Yes, the asylum was known to have tunnels and "secret" passages for the staff to move between the wings and buildings during the winter. The tunnels are all well documented, as were their uses, and the staff rooms. While it's nice to think that, during renovations, the accesses would have remained open or worked directly into the residential design... No. Not going to happen and not logical. The book cast the building-- just the Kirkbride, too-- as the necessary "evil castle stronghold" for the witch's. They included the idea of insane ghosts, murderous ghosts, and so on. But... We've seen it all before.
Witch's were addressed in the series. If going by the books, "Witch's Canyon" had an excellent portrayal for a hunt. If by the show, you get the demon element manipulating human stupidity. This book had neither.

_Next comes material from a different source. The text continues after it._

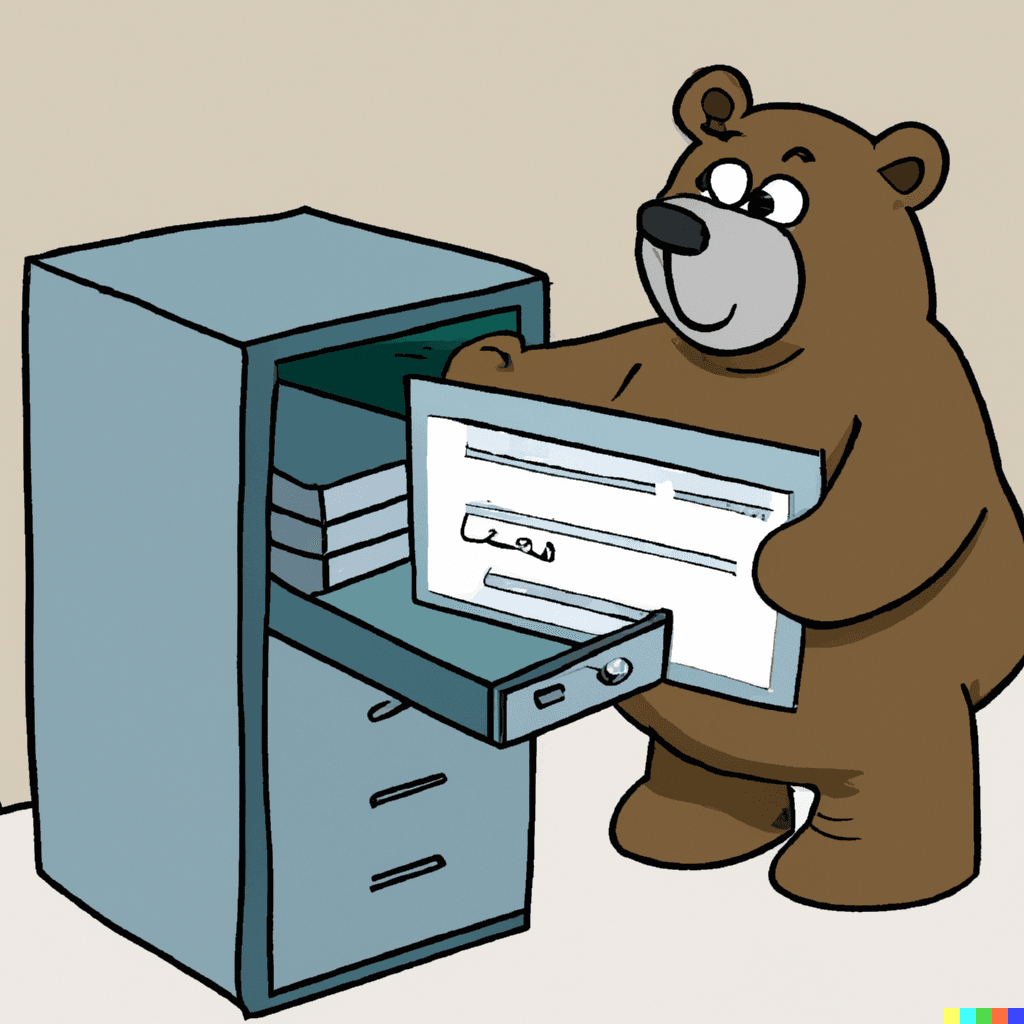 Bear putting code in a file cabinet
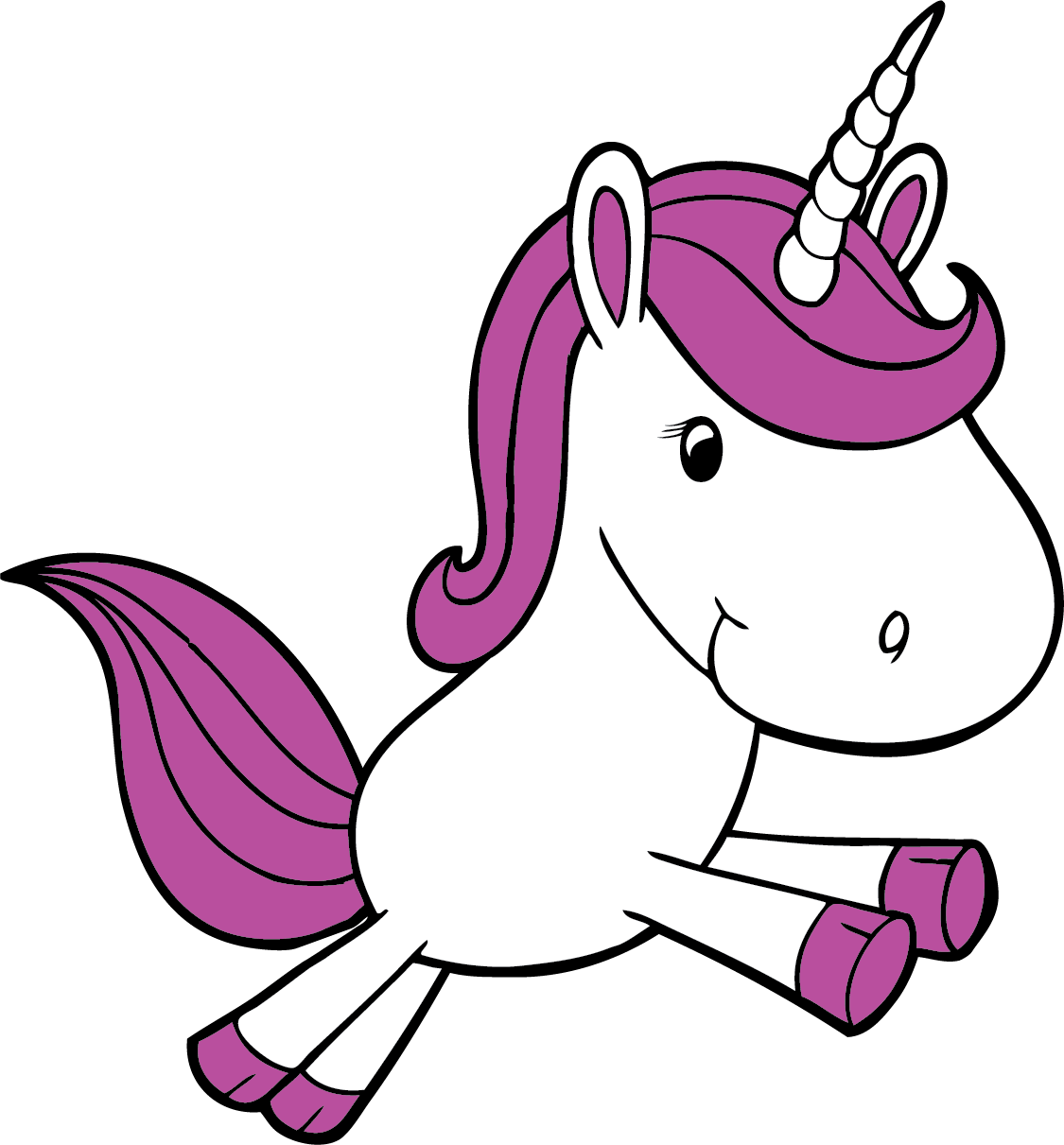 Cute Unicorn Sticker 3615 P - Cartoon Unicorns (1125x1211), Png Download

Now that the big reveal of the Campbell family is done with and worked in as often as possible, it seems that the book could only think to use them as a "your family fought them before" thing. Pulling up the Striga storyline from the early seasons-- but only the entire family is inept at this hunt, and it wasn't just John freaking out that his kids almost died. The clan gets worked in as much as time travel for a plot device.
At least this time they left Castiel out of it.
In short and spoiler free:
The book is bad. It's strung together with almost no narrative logic, it fails to maintain the characters in any sensible way, or restore the status quo to pre-season standards. And it's just bad. I literally cringed as I read it.
There's better fanfiction out there. And I can't believe they ruined all that history and potential! Danvers Asylum is one of the most atmospheric establishments I've ever seen. It's beautiful and creepy, and had so, so much potential. For fuck's sake, it inspired Lovecraft! Would it have been so hard to just draw on Lovecraft's style, pacing, or themes when tossing the Winchesters into a story about Danvers and the Necromicon?
... It may have pissed me off a bit.